What needs to be done ::
Isolate every line in the data with the string "Blossom" and copy it.

Records shown ::
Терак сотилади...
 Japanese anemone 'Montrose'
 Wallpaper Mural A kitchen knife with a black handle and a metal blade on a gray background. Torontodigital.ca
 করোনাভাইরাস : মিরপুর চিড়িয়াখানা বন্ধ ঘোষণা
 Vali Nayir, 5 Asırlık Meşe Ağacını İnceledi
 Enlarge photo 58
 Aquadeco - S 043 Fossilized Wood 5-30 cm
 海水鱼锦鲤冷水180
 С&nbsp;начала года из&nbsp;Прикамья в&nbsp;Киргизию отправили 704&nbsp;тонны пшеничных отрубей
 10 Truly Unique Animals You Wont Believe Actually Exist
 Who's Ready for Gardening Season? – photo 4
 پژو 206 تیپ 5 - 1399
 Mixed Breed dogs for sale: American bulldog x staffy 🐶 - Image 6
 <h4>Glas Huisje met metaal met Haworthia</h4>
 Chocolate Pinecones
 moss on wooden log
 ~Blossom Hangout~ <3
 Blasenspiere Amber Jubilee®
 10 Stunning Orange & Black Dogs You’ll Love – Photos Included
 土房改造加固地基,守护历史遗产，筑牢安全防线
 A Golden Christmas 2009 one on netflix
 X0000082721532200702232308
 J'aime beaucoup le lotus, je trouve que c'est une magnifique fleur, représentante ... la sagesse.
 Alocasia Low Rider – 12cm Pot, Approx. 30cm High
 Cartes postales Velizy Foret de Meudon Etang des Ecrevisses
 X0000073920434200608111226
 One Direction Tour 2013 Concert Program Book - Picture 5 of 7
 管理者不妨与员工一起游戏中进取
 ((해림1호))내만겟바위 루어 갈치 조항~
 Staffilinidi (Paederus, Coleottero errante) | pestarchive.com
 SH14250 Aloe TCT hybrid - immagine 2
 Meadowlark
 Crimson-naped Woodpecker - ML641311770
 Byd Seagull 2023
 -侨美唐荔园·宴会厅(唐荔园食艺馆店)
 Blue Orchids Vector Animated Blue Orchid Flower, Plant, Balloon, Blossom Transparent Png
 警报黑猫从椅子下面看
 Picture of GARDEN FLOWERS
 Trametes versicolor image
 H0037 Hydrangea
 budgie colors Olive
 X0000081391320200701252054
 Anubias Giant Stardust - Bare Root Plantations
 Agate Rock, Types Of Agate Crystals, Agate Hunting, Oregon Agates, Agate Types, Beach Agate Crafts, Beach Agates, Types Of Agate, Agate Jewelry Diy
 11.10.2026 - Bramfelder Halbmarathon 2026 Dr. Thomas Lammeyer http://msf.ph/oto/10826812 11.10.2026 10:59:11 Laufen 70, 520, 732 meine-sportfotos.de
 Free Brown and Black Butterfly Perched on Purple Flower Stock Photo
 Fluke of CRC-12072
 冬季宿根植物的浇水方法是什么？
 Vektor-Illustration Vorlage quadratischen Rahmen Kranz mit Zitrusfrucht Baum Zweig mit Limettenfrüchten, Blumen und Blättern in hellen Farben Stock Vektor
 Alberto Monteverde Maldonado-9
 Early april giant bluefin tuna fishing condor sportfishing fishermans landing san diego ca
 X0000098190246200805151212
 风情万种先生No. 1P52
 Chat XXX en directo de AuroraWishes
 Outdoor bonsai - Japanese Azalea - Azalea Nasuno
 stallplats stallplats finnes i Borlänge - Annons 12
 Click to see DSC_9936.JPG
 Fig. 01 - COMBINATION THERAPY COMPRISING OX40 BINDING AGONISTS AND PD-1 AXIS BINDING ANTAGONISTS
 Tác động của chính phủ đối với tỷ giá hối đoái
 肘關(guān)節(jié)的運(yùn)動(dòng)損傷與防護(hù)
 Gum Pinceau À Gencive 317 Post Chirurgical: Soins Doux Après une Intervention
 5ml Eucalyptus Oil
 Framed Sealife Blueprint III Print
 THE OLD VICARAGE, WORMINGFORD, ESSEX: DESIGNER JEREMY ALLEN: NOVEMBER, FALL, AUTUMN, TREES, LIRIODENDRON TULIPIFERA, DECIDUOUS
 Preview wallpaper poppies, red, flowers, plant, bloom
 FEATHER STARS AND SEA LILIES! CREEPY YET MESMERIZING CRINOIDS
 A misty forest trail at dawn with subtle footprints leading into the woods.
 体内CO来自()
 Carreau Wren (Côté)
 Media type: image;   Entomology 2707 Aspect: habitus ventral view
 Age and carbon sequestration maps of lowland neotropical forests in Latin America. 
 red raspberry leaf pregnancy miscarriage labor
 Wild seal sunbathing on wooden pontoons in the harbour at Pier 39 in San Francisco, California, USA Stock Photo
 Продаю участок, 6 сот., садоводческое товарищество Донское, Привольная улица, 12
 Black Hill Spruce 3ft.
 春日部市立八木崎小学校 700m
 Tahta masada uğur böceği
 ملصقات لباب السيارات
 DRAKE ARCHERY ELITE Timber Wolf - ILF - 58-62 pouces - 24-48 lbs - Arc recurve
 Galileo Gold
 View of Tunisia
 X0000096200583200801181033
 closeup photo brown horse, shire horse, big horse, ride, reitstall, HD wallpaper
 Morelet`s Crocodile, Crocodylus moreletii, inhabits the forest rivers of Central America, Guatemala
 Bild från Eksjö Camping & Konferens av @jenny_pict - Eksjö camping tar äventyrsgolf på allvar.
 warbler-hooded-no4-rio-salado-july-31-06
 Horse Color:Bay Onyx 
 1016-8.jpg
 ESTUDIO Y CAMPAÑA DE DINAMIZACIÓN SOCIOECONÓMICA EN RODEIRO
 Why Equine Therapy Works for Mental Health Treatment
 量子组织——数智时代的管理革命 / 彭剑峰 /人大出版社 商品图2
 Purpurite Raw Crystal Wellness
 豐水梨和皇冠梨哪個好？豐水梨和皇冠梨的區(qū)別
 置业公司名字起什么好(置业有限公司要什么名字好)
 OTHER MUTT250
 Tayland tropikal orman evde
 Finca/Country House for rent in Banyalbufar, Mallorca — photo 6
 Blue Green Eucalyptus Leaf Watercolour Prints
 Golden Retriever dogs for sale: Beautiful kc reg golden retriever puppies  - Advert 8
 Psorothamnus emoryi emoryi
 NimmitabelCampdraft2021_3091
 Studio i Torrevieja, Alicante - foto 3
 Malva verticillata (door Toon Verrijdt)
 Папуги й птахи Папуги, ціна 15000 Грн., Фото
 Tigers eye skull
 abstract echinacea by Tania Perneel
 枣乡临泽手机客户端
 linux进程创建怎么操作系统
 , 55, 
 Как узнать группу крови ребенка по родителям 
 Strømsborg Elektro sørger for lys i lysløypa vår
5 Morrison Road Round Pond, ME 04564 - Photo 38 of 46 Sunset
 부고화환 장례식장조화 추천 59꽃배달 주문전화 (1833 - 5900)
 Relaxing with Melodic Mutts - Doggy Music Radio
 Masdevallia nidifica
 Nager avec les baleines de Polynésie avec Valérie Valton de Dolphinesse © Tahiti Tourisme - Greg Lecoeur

Output below ::
 ~Blossom Hangout~ <3
 Blue Orchids Vector Animated Blue Orchid Flower, Plant, Balloon, Blossom Transparent Png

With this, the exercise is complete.